**Material for this exercise:**
►

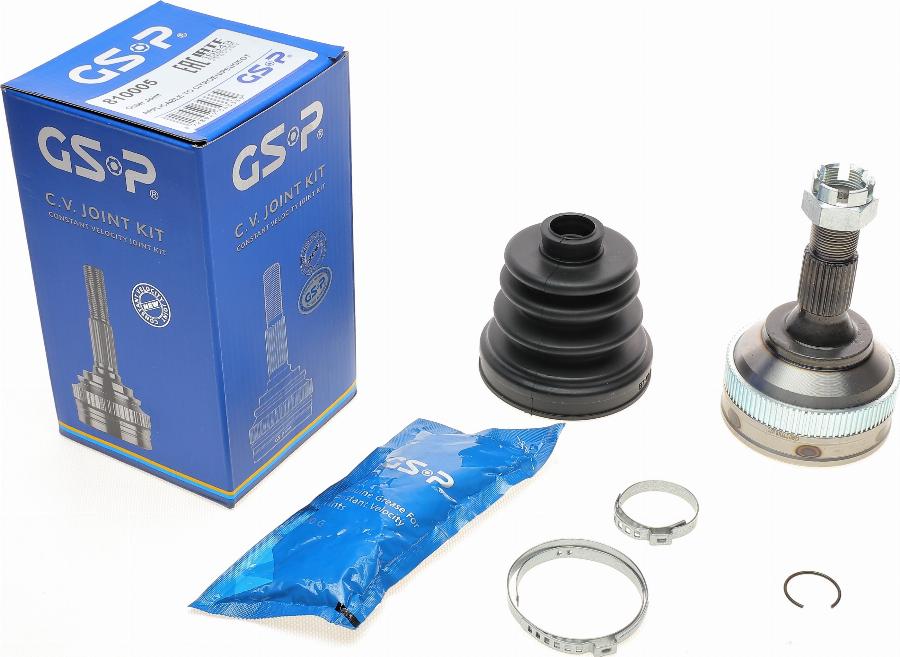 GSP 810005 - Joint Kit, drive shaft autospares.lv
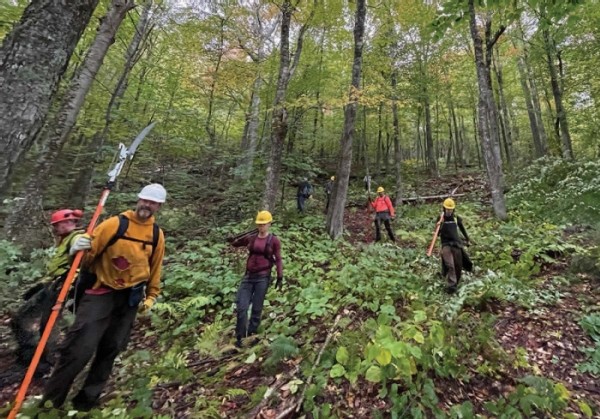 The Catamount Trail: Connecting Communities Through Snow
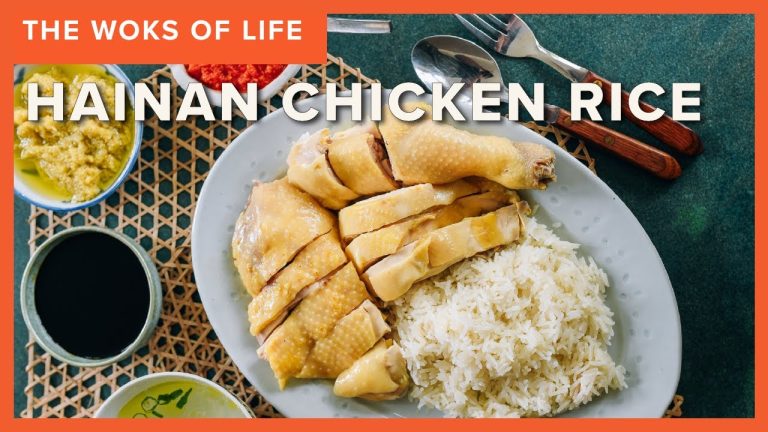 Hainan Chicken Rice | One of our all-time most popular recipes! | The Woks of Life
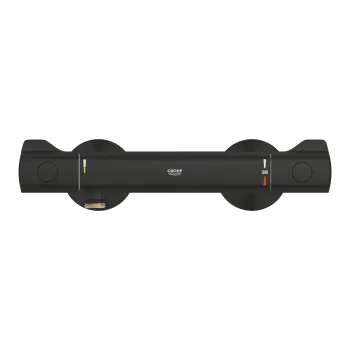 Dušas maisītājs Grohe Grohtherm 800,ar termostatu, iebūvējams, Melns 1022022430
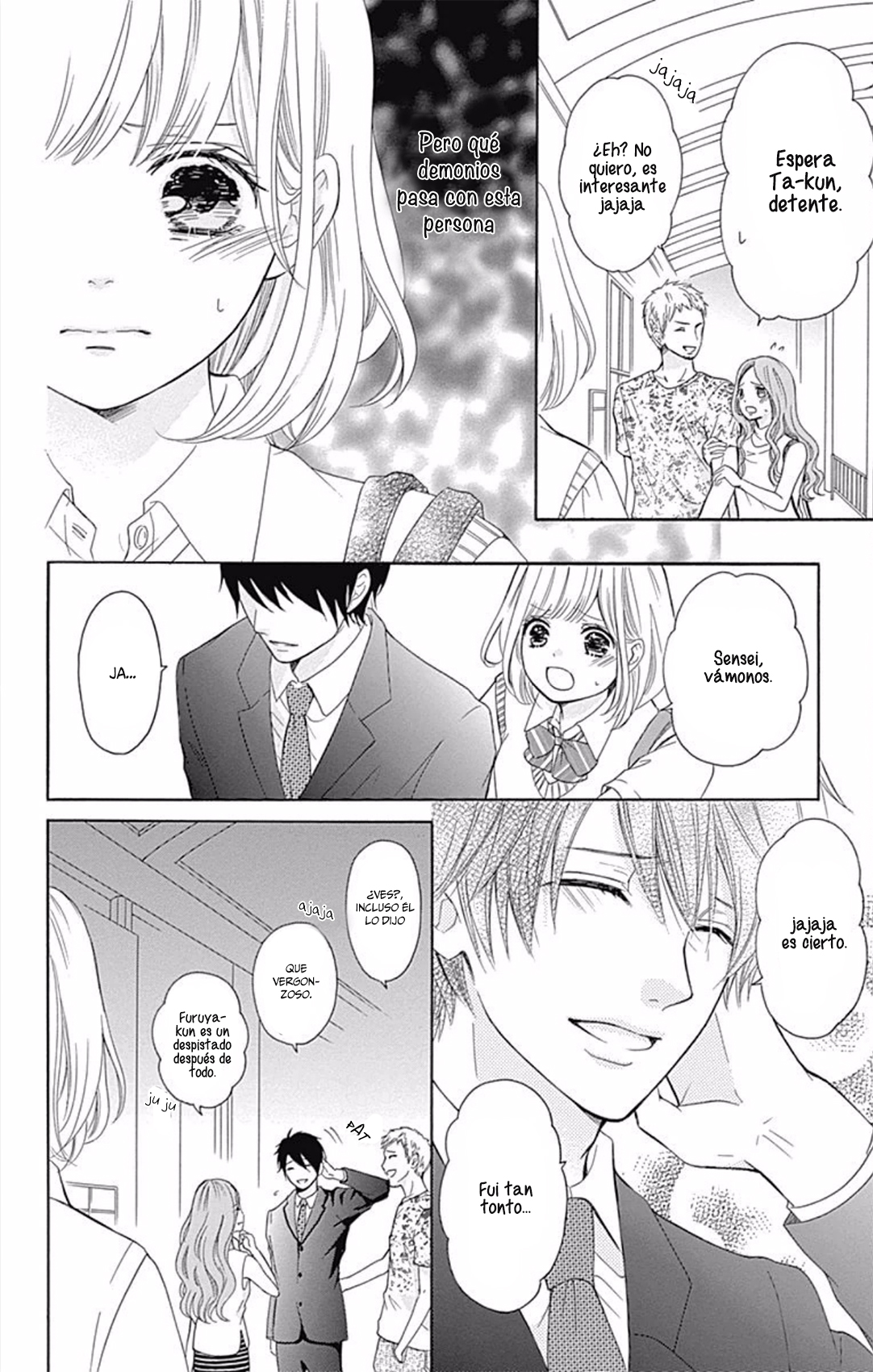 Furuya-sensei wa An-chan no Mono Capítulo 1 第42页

◄

**Required action:** With the pictures left out, write out all of the data exactly.

**Solution to the exercise:**
 GSP 810005 - Joint Kit, drive shaft autospares.lv
 The Catamount Trail: Connecting Communities Through Snow
 Hainan Chicken Rice | One of our all-time most popular recipes! | The Woks of Life
 Dušas maisītājs Grohe Grohtherm 800,ar termostatu, iebūvējams, Melns 1022022430
 Furuya-sensei wa An-chan no Mono Capítulo 1 第42页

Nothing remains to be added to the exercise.